DATA EXCERPT:

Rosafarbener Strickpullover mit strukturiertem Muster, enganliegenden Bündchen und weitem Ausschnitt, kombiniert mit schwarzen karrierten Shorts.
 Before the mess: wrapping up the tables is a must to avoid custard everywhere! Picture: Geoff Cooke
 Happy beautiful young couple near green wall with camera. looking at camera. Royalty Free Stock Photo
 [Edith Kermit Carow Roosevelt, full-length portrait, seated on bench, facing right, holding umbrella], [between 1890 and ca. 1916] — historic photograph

THE PROBLEM:
Exactly as given, restate all the lines above.

REPLY:
Rosafarbener Strickpullover mit strukturiertem Muster, enganliegenden Bündchen und weitem Ausschnitt, kombiniert mit schwarzen karrierten Shorts.
 Before the mess: wrapping up the tables is a must to avoid custard everywhere! Picture: Geoff Cooke
 Happy beautiful young couple near green wall with camera. looking at camera. Royalty Free Stock Photo
 [Edith Kermit Carow Roosevelt, full-length portrait, seated on bench, facing right, holding umbrella], [between 1890 and ca. 1916] — historic photograph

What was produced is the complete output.